İSTİNAF BAŞVURUSU: Davacı vekilinin vekaletname ibraz ederek süresinde ibraz ettiği istinaf dilekçesinde; delil dilekçesi ve delillerine ilişkin evrakları 01/10/2019 tarihinde muhabere ile sunduklarını, bu evrakların dosyaya girmediğini ve incelenmeden delilleri toplanmadan karar verildiğini, kararın gerekçesinin kısa ve yetersiz olduğunu, müvekkilinin ödemesini gösteren makbuzları … Bankası’ndan aldıklarını, davalının Whatsapp üzerinden verdiği talimat üzerine … Ticaret Ltd. Şti. Hesabına parça parça gönderdiklerini, havale makbuzlarının 07/09/2017 tarihli 1.000,00 TL, 16/08/2017 tarihli 1.150,00 TL, 15/07/2017 tarihli 2.000,00 TL, 14/10/2016 tarihli 1.000,00 TL, 28/09/2016 tarihli 1.000,00 TL ve 16/09/2016 tarihli 4.000,00 TL olmak üzere toplam 10.150,00 TL olduğunu, arabulucu tutanağında davalıya ait olduğu beyan edilen … numaralı telefon üzerinden haberleştiklerini, mahkeme gerekçesinde banka makbuzlarındaki ödemelerin ne için yapıldığının belli olmadığını belirtmekle birlikte Whatsapp yazışmalarında davalı tarafın talimatı ile … Ltd.Şti’ne ödeme yapıldığını ispatladıklarını beyanla, mahkeme kararının kaldırılarak, davanın kabulüne karar verilmesini talep etmiştir. Davalı vekilinin istinaf dilekçesine cevabında; icra takibinin 30/08/2016 ve 30/06/2017 vade tarihli iki adet bonoya dayandığını, senetle ispat kuralı gereği, ödemelerin karşılığında senedin teslim alınmasının hayatın olağan akışından beklenen hareket olduğunu, ticari faaliyetlerle uğraşan basiretli tacirin, senet karşılığında ödeme yapılırken senedin teslimini veya banka hizmetleri ile ödeme yapılacaksa bunun belirtilmesi gerektiğini bileceğini, davacı tarafla şahsen ve yetkilisi olduğu şirket arasında senet ödemesinin dışında alacak vereceklerin olmasının normal karşılanan bir durum olduğunu, davacının delil olarak nitelendirdiği, “ekran görüntüsü” diye tabir edilen görüntüleme sistemi ile sunduğu delillerin “photoshop” ve benzeri uygulamalar ve tekniklerle üzerinde oynanmaya ve değiştirilmeye müsait olduğunu, uyuşmazlık için delil niteliğine haiz olmadıklarını beyanla başvurunun esastan reddini talep etmiştir.
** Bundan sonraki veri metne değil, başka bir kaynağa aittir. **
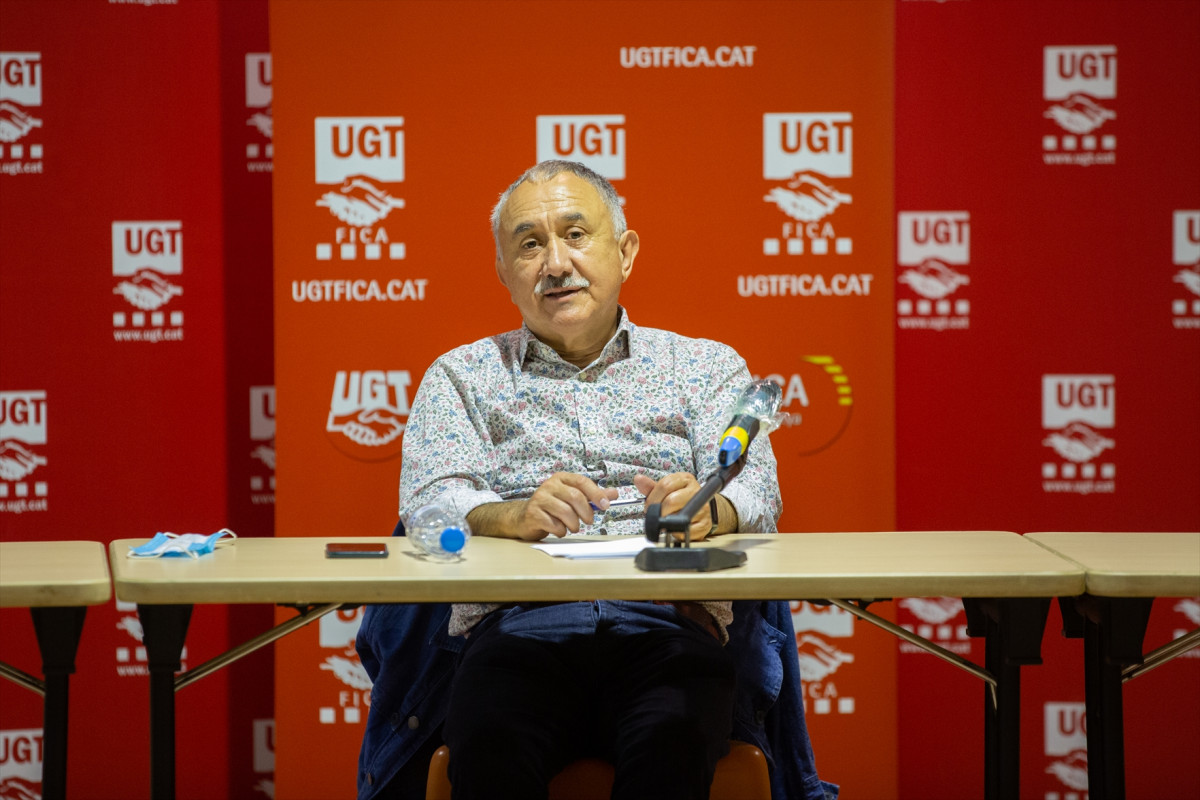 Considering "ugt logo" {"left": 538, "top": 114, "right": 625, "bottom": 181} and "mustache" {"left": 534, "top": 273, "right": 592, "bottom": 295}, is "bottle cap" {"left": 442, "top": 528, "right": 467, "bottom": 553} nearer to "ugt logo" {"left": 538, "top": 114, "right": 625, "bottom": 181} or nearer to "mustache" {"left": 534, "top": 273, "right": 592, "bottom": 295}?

DELİLLER: İstanbul … İcra Dairesinde başlatılan … E. Sayılı icra dosyasının incelenmesinde; davalı alacaklı … tarafından, davacı borçlu … ile dava dışı … aleyhine, 19/11/2015 tanzim tarihli 30/08/2016 vade tarihli 10.000 TL bedelli, bono ile, 02/11/2016 tanzim tarihli 30/06/2017 vade tarihli 4.000 TL bedelli bonoya dayanarak, komisyon ve işlemiş faizi ile birlikte, toplam 15.823 TL alacağın tahsili talebiyle, 25/04/2018 tarihinde kambiyo senetlerine özgü haciz yolu ile takip başlattığı anlaşılmıştır. Davacının Kuşadası Hukuk Mahkemeleri ön bürodan gönderdiği 01/10/2019 tarihli dilekçe ve ekinde bulunan whatsapp yazışmaları ekran görüntüleri ile banka dekontlarını ibraz ettiği, …’un … Ltd. Şti. Yetkilisi olduğunu gösterir Ticaret Sicil Gazetesi örneğini ibraz ettiği anlaşılmıştır.
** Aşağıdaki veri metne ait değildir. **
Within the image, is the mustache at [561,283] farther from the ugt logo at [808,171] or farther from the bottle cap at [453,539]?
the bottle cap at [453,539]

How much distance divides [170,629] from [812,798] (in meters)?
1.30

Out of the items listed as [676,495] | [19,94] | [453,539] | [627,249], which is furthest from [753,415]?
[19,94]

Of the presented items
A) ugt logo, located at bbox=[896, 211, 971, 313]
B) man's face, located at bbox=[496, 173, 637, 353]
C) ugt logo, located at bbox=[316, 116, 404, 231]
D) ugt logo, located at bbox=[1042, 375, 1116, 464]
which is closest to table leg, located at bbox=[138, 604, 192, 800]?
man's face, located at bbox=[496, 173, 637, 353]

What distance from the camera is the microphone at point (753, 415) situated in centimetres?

G E R E K Ç E: İcra takibinden sonra açılan menfi tespit davasında, davacı tarafça takibe konu bonodan kaynaklanan borcun ödendiği savunulmuş, ilk derece mahkemesince sunulan ödeme belgelerinde ödemenin neye istinaden yapıldığının açıklanmadığı, yapılan ödemelerin senet miktarı ile örtüşmediği, birden fazla bonoya dayalı olarak takip yapıldığı gerekçesiyle, davanın reddine karar verilmiş, davacı tarafça istinaf başvurusunda bulunulmuştur. Davacı vekilinin mahkeme kararının gerekçesiz olduğuna dair istinaf sebebi yerinde değildir. Davacı tarafça gönderilen delil dilekçesi ve eklerinin mahkeme dosyasına konulduğu ve incelendiği anlaşılmaktadır. Davacı tarafça … Ltd. Şti.’nin hesabına ödeme yapıldığı, davacı tarafça belgesi sunulan ödemelerin 10.150 TL olduğu ancak ödemelerin neye istinaden yapıldığının anlaşılamadığı, alacaklı …’un ödeme yapılan şirketin yetkilisi olduğu sunulan Ticaret Sicil Gazetesi örneğinden anlaşılıyorsa da, sunulan whatsapp yazışmalarının davalı tarafça kabul edilmediği, kaldı ki yazışmalardan da ödemelerin takip konusu bonolara istinaden yapıldığının anlaşılamadığı, ilk derece mahkemesince takibe konu bonoların ödendiğinin ispatlanamadığına yönelik gerekçesinin yerinde olduğu kanaatiyle davacı vekilinin istinaf başvurusunun reddine karar verilmiştir.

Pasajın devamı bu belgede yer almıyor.